I’m loving Big Little Lies on iTunes/HBO and I really loved the book. Don’t you love it when the movie or TV show actually lives up to your expectation? This got me to thinking about the successes (and failures) of turning books into visual works, whether that is TV or movie. In my view TV shows are proving to be the better format these days.
It’s commonplace for cinema to steal from books but success has been very patchy, to say the least. For every To Kill A Mockingbird success story, we seemed to end up with five One For The Money fails.
I’m really looking forward to watching Margaret Atwood’s The Handmaid’s Tale on SBS next month and I’m confident they will have done a brilliant job. It seems to me that turning books into TV shows is a formula for success. Don’t misunderstand me, I’m not suggesting it’s easy, but I think the long serialised television format lends itself naturally to more faithfully translating printed word to visual and spoken format.
I don’t want to get bogged down in the ethical discussion of art and the differences between interpretation, translation and faithfully reproducing a book to the screen and which is more authentic.

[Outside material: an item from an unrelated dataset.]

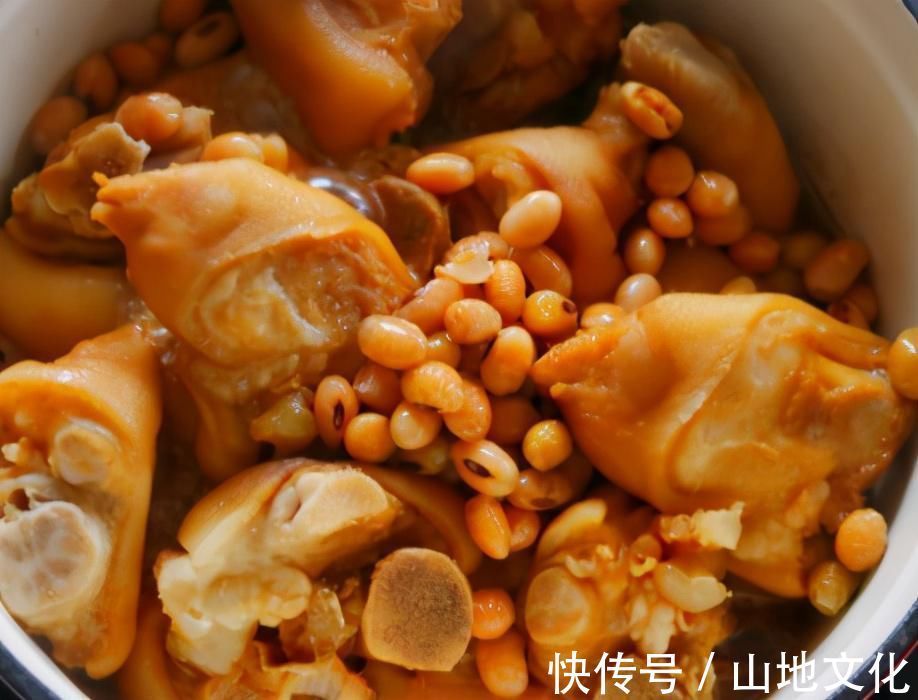 腥味|炖猪蹄时，掌握“1做2不做”窍门，猪蹄软烂香嫩，好吃无腥味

This is just a few observations about why books lately are better as TV shows, rather than a movie. And if I created a bestselling book (I’m 65,000 words down, just another 15,000 to go and the first draft is done!) why I would prefer a TV show to a movie.
Five reasons why it’s better for everyone if your beloved book is turned into a TV show, rather than a movie:
- More time to tell the story and improving the quality of the storytelling: Books are nuanced, with fine-grain detail that usually gets lost in a movie. Entire characters are turfed overboard in the desperate attempt to distil a book’s multiple plot lines and characters into a 90-minute cinematic experience. But ever since the advent of “the golden age of television“, a period heralded by The Sopranos and The West Wing and, of course, Breaking Bad, we have started to see some amazing projects go from the printed page to the small screen. TV shows have evolved. Rather than static characters, we started to see characters go on an arc, evolving and changing. The programs were dark, edgy and resisted narrative closure – perfect for nurturing a book’s complex storyline and character arcs.

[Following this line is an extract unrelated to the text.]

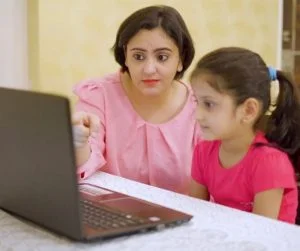 Read more about the article Stop Feeling That Everything You Do As A Mother Is Wrong. Try Parenting Affirmations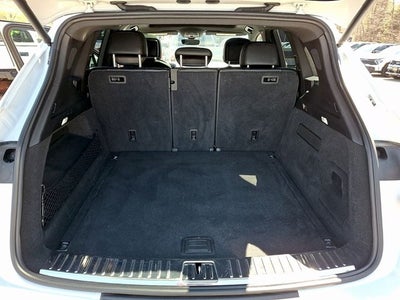 2024 Porsche Cayenne Base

- Bigger budgets: TV used to be the poor cousin of cinema, with small (comparatively) budgets. But that’s changing. The Game of Thrones budget for season 6 eclipses most big movie budgets, spending about $10 million per episode for a total of more than $100 million spent that season. Compare that with Wonder Woman, which had a budget of $149 million. Lion, the story of five-year-old Saroo who was adopted by Australian parents and returned to India to track his mother down, had a budget of $12 million. Fifty Shades Darker cost $55 million (and the dignity of its stars, but that’s another story).
- Deeper talent pool: Ever since the comment was made that we were entering “the golden age of television” the lines have blurred between cinema and TV, with actors, directors and producers happily jumping between the two formats interchangeably. Kevin Spacey, Robin Wright, Robert De Niro, to name just three, move comfortably between the two.
- Writer involvement: OK, this one applies to movies as well as TV, but it seems the original author of the works is getting more involved in the film and TV adaptation. A recent Guardian article reveals that JK Rowling, EL James and George RR Martin have all retained creative control over the work’s final version as a movie or TV show. The article posits that it doesn’t always succeed, largely because authors understand books and don’t really understand that movies communicate in a different way to a different audience, but the point remains that authors are wresting control back. Perhaps we could have avoided the travesty that is One For The Money if Janet Evanovich had retained more control over casting and scripting. (Katherine Heigl just didn’t capture the essence of Stephanie Plum. Sad face.) And how great would One For the Money be as a TV series??!! Right??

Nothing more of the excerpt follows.